President Trump may name his pick by Friday. He met with the apparent front-runner, Judge Amy Coney Barrett, yesterday afternoon. But he later said he would wait to announce his choice until after memorial services for Justice Ginsburg are held. She will lie in repose at the court on Wednesday and Thursday, with the coffin placed on the front steps to allow for a public viewing. Ever the pioneer, R.B.G. is the first female Supreme Court justice to be so honored, and on Friday she will become the first woman to lie in state at the U.S. Capitol.
Republicans weigh the merits of moving swiftly. G.O.P. senators facing tough campaigns called for a confirmation of Mr. Trump’s pick, giving Mitch McConnell, the majority leader, leverage to replace Justice Ginsburg quickly. But record-breaking donations to Democratic candidates in recent days show that the confirmation battle has also energized the left. Times Opinion editors presented the case for filling the seat, made by Democrats in 2016, and for putting it off until after the election, advanced by Republicans in 2016.
Health care stocks took a hit. Uncertainty about the future of the Affordable Care Act dragged down shares in companies like Centene, HCA Services and Universal Health Services yesterday. Justice Ginsburg was a stalwart defender of Obamacare, so her death has led analysts to revise their forecasts for companies that benefit from the law’s “individual mandate,” which could be struck down in a case that the court will hear in November.
Case in focus: Collins v. Mnuchin
The new Supreme Court Justice will probably not be seated in time to have a say in several upcoming cases, leaving the eight current justices to decide these consequential matters. One case of interest to DealBook readers is Collins v. Mnuchin, which pits shareholders in Fannie Mae and Freddie Mac against the Treasury Department.
The fight is all about a “net worth sweep.” In exchange for bailing out Fannie and Freddie in 2008, the Treasury demands that the companies transfer everything but capital reserves to the government, which shareholders say deprives them of benefiting from future profits. As of May 2019, Fannie and Freddie, which are controlled by the Federal Housing Finance Agency (F.H.F.A.), have paid the Treasury $292 billion in dividends, of which $191 billion was via the profit sweep.
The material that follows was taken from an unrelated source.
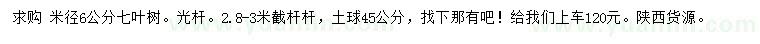 求购米径6公分七叶树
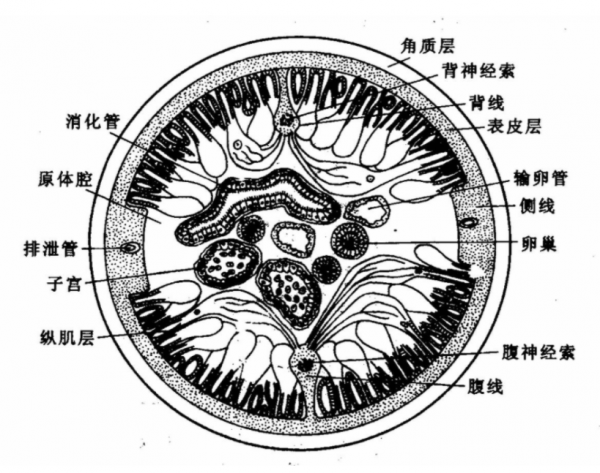 ​幾十年前男女老少體內，幾乎都長蛟蛕，為何現今很少聽說了？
Common shareholders want to scrap the arrangement. In the Supreme Court, the shareholders are arguing that the F.H.F.A., which was created to act as a “conservator” for Fannie and Freddie in 2008, is structured unconstitutionally, thus rendering the agreement to transfer profits to the Treasury invalid. Their argument rests on the fact that the F.H.F.A.’s sole director serves for a five-year term and can only be fired “for cause,” limiting the president’s authority to appoint the head of an important government agency.
A similar claim was successful in a case about the Consumer Financial Protection Bureau. The bench split along ideological lines, with the five conservatives concluding that the “for cause” clause rendered the C.F.P.B. structure unconstitutional. However, the court didn’t invalidate the bureau’s prior actions as a result; the director question was simply “severed.”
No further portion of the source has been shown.